To estimate whether body mass index (BMI) affects the evaluation of nuchal translucency or the nasal bone during first-trimester ultrasound examination for aneuploidy risk assessment.

METHODS:

Six hundred ninety-four women with singleton gestations undergoing first-trimester aneuploidy risk-assessment ultrasound examinations were identified. Weight categories were defined as normal (body mass index [BMI] less than 25), overweight (25-29.9), and obese (at or above 30). chi, chi for trend, Student t test, one-way analysis of variance, and Pearson correlation were used for statistical analysis where appropriate to estimate the effect of BMI on first-trimester ultrasound examination.
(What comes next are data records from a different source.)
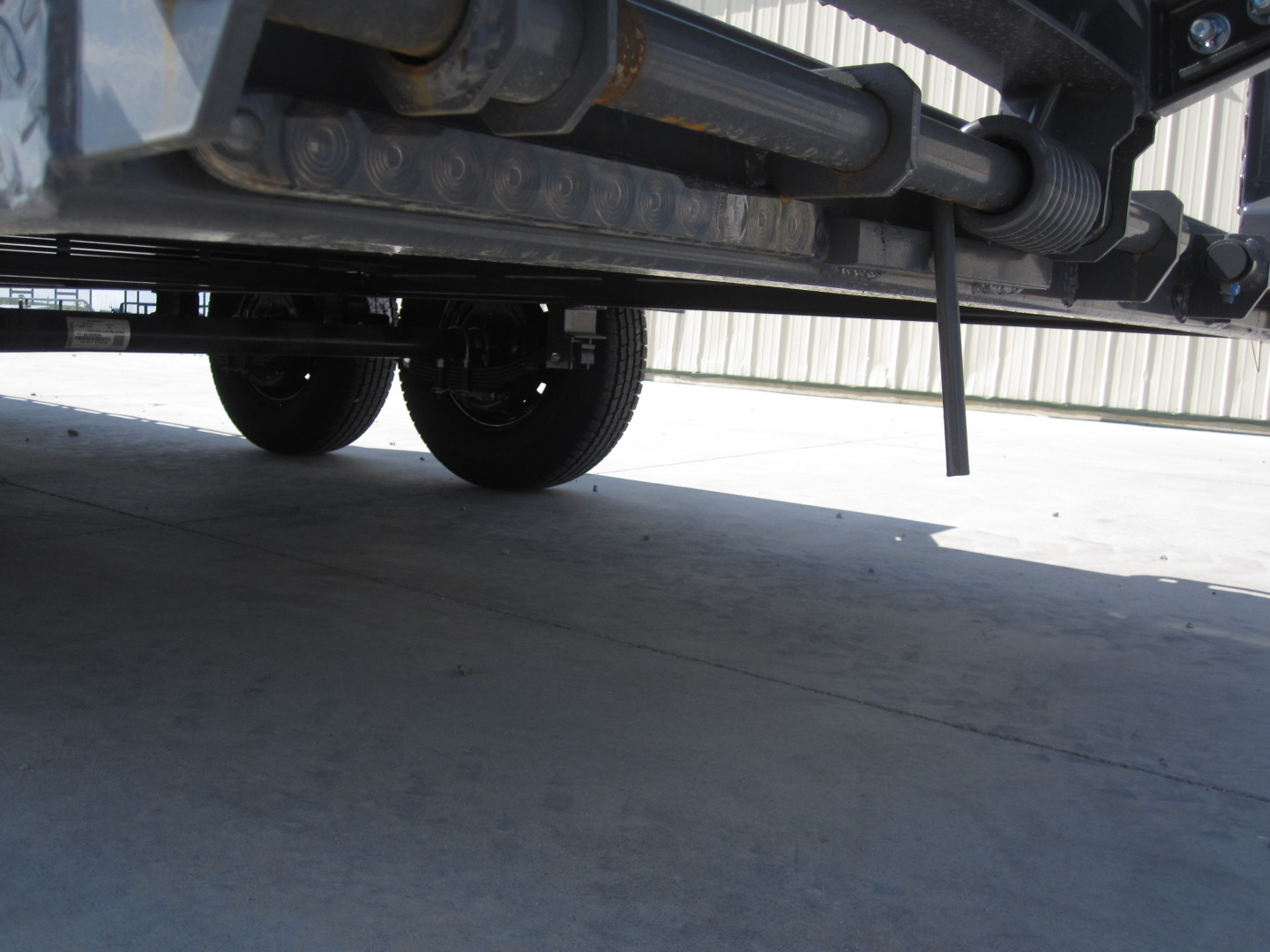 New 2026 Horizon Trailers 83x22 EHZ Equipment Trailer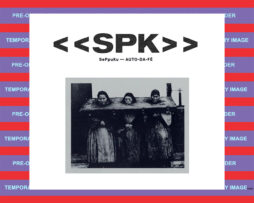 SPK - Auto-da-Fé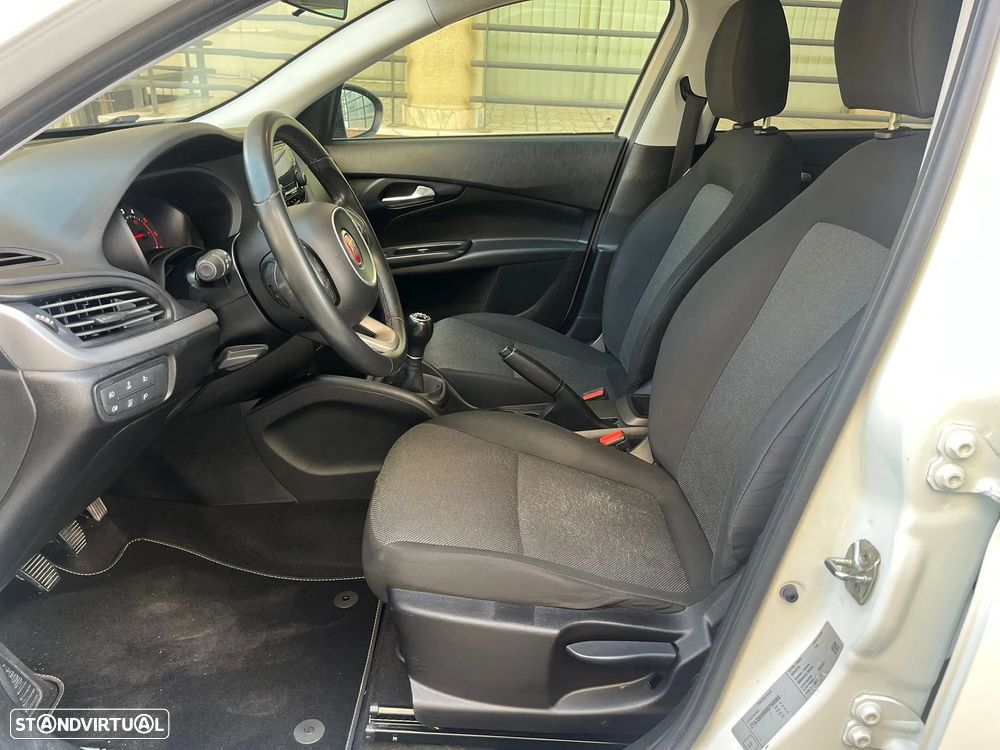 Fiat Tipo 1.3 M-Jet Pop - 20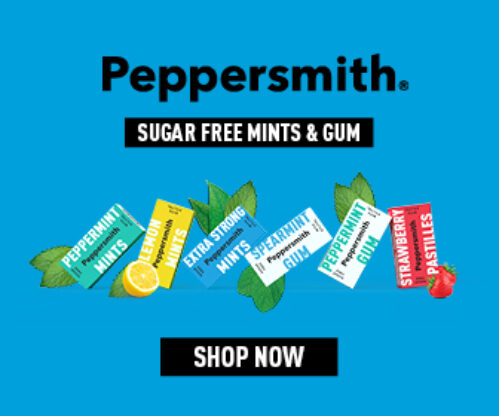Peppersmith – Sugar-Free Mints That Still Taste Like Proper Mints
P<.05 was considered statistically significant.

RESULTS:

Increasing BMI was significantly associated with an inadequate nasal-bone assessment (3% compared with 12.7%, P<.001), increased ultrasound examination time (15.23+/-8.09 minutes compared with 17.01+/-7.97 minutes, P=.028), and an increased need to perform a transvaginal ultrasound examination (23% compared with 41.8%, P<.001). Prior abdominal surgery was not significantly associated with nasal-bone assessment inadequacy (7.8% compared with 4.4%, P=.125), the need to perform transvaginal ultrasound examination (33.6% compared with 28.6%, P=.279), or longer examination time (16.22+/-8.6 minutes compared with 15.92+/-7.8 minutes, P=.704).

CONCLUSION:

In singleton pregnancies, increased BMI is not associated with suboptimal visualization of nuchal translucency, but it is associated with a longer time to perform the first-trimester ultrasound examination for aneuploidy risk assessment, increased need for transvaginal ultrasound examination for nuchal-translucency visualization, and a lower likelihood of obtaining an adequate nasal-bone image. Previous abdominal surgery did not affect the ability to visualize the nasal bone.

LEVEL OF EVIDENCE:

II.

PMID:
19888045
DOI:
10.1097/AOG.0b013e3181b6bfdc
[PubMed - indexed for MEDLINE]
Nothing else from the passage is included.